PARIS — Wreaths, parades, parachute-landings and fireworks.
Friday was a nice sunny day, on this very day, world leaders and veterans flocked to Normandy beaches in northern France to commemorate the D-Day landings that helped defeat Nazi forces in World War II seven decades ago.
Paying tribute to the sacrifices of civilians, soldiers and the unity of Allies, French President Francois Hollande said June 6, 1944 was the start of “one of the fiercest battles in the history of France” that left 110,000 people dead, including more than 20,000 civilians.
Addressing hundreds of veterans and participants in Caen, Hollande noted “this ceremony reminds us of our duties to rescue the suffering humanity.”
Earlier, at the Normandy American Cemetery, joined by his American counterpart Barack Obama, Hollande stressed France “would never forget the solidarity between our two nations, solidarity based on a shared ideal, an aspiration, a passion for freedom.”
“More than 20,000 Americans lost their lives here in Normandy with 11,000 of them buried at Omaha Beach.

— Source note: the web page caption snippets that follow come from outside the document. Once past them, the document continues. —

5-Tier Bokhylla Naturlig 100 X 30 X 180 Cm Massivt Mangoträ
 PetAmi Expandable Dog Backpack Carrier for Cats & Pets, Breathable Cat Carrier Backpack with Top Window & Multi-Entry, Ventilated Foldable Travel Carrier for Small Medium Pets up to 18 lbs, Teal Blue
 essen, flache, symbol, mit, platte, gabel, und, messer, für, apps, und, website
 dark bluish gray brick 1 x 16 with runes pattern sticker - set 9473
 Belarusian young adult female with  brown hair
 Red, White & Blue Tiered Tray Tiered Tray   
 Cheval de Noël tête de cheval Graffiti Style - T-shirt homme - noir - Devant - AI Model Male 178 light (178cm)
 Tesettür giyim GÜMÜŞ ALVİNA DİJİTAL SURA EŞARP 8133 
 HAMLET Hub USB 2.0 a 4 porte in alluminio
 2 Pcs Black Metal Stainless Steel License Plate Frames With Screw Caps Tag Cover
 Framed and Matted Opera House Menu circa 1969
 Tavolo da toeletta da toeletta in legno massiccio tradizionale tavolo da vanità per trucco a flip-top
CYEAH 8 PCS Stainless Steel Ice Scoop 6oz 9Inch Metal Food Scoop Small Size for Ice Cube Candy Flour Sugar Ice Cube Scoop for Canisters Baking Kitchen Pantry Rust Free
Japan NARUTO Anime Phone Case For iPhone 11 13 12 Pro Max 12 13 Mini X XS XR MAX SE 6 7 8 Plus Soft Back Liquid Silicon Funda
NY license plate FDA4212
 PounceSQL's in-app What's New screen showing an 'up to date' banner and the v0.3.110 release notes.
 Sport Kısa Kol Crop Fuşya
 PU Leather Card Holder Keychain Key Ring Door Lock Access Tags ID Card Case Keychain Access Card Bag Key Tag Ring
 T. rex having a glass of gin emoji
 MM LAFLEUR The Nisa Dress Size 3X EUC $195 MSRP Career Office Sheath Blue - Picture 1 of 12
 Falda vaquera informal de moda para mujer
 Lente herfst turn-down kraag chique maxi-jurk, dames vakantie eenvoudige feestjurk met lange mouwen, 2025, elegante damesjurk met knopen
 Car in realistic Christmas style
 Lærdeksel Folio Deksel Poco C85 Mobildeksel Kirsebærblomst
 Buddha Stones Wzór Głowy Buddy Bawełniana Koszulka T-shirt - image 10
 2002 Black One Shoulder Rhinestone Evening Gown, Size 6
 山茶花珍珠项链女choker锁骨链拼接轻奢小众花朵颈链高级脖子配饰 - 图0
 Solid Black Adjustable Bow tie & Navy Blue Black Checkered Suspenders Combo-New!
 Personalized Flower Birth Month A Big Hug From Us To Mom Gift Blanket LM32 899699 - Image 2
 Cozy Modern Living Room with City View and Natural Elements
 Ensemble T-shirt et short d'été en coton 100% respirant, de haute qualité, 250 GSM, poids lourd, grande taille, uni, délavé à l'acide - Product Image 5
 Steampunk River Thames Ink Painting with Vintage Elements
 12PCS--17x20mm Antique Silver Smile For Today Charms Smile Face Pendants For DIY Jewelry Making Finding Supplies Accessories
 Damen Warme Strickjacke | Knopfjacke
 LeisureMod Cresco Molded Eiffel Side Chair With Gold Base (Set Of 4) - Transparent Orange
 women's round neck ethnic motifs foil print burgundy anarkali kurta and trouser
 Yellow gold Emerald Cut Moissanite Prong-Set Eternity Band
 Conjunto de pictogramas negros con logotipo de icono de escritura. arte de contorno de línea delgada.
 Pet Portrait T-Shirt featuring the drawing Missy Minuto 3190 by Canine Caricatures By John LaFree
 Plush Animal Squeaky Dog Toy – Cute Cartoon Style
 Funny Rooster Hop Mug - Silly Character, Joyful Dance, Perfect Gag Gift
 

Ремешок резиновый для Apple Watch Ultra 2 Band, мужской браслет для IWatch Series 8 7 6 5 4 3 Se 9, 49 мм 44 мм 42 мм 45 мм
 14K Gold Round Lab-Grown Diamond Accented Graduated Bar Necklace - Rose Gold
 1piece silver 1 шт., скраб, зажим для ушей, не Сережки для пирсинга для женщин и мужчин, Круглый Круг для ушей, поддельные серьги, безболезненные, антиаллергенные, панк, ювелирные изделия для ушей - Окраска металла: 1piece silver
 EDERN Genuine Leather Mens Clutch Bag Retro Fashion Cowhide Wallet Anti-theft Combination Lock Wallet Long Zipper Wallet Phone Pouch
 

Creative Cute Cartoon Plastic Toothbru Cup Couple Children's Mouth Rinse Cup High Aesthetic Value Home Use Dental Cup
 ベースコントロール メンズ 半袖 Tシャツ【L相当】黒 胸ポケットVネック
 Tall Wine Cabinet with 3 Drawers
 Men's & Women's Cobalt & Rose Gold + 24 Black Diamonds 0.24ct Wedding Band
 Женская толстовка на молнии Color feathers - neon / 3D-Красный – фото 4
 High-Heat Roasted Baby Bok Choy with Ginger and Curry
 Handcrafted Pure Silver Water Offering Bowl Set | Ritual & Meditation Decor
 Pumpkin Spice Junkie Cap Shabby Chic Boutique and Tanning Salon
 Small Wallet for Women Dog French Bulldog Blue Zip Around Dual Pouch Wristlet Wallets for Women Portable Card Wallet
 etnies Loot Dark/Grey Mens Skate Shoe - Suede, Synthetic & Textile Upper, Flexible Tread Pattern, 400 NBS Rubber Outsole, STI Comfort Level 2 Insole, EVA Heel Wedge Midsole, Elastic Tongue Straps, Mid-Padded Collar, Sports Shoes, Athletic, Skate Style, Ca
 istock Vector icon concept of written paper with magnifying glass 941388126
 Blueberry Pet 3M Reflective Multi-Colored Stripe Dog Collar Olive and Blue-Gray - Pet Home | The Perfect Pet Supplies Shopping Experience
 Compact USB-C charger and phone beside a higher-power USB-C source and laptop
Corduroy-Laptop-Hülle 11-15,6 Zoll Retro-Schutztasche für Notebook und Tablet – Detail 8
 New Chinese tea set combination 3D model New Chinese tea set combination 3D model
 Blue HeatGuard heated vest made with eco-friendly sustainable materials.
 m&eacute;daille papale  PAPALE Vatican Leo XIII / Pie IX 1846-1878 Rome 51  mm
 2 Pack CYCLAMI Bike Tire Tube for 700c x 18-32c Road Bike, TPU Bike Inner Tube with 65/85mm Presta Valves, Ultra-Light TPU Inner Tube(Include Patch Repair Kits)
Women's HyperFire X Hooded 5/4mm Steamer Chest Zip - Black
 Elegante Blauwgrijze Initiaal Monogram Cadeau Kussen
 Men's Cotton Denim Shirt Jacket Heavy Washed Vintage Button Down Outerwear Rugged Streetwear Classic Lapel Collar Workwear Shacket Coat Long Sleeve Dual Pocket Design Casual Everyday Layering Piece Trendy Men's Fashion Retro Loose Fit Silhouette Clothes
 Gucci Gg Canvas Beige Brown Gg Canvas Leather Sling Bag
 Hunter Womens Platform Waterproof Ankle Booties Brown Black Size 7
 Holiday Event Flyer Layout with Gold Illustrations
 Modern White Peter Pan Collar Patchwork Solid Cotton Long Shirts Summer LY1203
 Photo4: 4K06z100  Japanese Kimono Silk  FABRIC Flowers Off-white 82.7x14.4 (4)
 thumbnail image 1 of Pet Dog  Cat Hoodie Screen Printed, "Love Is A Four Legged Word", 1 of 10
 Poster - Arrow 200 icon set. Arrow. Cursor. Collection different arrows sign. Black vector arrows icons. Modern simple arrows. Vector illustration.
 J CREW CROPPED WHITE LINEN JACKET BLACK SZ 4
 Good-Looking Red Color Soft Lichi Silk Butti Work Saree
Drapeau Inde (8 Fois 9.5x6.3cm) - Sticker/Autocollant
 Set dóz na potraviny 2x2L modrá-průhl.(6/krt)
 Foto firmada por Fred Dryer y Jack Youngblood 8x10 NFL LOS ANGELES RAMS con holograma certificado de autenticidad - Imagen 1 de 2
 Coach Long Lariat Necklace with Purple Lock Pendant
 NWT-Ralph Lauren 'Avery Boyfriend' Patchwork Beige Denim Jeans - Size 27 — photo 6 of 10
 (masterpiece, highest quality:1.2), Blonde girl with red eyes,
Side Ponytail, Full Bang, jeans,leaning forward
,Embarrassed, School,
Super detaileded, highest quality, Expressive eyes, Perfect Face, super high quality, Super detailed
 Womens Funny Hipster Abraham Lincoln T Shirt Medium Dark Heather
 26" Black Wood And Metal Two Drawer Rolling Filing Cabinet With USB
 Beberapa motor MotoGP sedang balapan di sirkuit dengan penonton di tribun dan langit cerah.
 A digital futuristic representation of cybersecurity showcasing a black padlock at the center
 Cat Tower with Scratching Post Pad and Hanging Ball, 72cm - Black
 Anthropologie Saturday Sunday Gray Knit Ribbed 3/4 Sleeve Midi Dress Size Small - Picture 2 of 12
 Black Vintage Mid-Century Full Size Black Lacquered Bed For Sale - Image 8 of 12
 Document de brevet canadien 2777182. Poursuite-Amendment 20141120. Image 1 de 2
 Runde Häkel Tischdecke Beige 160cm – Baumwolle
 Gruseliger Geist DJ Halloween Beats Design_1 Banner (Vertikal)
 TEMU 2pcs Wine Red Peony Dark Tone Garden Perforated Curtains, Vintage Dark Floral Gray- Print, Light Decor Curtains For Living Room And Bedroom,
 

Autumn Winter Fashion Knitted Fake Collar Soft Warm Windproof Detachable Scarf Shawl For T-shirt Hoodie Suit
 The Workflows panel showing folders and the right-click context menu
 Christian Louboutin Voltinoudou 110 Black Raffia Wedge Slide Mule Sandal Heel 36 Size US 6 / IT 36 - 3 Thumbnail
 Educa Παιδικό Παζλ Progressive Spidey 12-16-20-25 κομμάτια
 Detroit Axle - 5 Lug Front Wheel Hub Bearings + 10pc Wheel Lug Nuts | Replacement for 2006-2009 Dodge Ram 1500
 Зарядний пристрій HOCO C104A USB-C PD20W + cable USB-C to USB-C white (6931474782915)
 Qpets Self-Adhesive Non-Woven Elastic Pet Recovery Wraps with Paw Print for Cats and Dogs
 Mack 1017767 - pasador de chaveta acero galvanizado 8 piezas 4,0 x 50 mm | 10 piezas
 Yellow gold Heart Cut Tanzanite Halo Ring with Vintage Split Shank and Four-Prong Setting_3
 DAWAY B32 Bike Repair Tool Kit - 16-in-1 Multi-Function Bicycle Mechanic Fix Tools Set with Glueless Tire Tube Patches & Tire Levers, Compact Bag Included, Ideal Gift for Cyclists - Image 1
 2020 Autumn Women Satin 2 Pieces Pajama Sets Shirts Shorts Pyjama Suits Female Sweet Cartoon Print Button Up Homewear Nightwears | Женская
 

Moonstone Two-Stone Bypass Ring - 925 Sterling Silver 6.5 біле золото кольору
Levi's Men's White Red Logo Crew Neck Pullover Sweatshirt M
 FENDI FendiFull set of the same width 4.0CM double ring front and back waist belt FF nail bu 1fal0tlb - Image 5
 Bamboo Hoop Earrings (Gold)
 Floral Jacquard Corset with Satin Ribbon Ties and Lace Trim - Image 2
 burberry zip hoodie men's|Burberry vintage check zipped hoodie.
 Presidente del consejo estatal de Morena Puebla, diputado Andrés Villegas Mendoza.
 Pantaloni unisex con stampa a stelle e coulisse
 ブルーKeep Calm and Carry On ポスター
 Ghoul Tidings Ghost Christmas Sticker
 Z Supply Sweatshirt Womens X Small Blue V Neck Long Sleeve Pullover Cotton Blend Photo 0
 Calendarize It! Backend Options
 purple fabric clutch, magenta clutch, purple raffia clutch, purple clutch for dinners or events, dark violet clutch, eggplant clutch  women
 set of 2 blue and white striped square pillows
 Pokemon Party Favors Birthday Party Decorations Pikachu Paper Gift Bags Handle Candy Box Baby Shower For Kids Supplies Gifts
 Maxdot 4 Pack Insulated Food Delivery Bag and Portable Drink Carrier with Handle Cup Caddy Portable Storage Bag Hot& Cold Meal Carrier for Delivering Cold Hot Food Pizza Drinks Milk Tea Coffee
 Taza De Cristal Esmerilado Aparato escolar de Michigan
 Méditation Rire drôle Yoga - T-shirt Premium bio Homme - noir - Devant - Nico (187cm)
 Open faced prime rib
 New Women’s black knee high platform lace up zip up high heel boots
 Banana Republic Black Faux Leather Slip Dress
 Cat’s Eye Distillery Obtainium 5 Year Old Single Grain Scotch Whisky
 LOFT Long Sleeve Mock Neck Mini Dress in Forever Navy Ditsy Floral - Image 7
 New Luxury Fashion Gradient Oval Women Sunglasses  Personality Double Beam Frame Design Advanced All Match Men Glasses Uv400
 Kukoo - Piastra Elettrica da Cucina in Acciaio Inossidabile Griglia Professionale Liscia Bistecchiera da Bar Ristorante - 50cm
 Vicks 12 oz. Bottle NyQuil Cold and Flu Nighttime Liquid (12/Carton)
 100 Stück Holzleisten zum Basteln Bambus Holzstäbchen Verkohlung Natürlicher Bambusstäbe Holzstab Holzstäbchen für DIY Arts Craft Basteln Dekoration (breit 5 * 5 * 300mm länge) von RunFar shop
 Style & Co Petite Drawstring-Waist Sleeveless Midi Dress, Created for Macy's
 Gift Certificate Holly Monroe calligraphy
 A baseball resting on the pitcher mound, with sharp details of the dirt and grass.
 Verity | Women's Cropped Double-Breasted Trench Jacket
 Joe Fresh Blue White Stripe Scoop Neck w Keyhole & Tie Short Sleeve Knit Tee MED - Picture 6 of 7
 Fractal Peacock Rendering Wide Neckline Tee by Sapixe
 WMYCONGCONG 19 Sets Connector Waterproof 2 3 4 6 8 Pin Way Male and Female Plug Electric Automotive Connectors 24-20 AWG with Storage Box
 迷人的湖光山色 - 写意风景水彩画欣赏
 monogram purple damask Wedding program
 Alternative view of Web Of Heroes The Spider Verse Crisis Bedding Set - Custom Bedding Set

France will never forget them. France will never forget what it owes to the United States,” Hollande recalled.
Obama said “Omaha — Normandy — this was democracy’s beachhead,” adding the June 6, 1944 “… decided not just a century, but shaped the security and well-being of all posterity.”
At a high-profile gathering, 19 heads of state and government including Britain’s Queen Elizabeth and Prime Minister David Cameron, Canadian President Stephen Harper participated in a series of ceremonies to honor the sacrifice of French servicemen and 160,000 U.S., British and Canadian troops that helped defeat Nazi forces in World War II.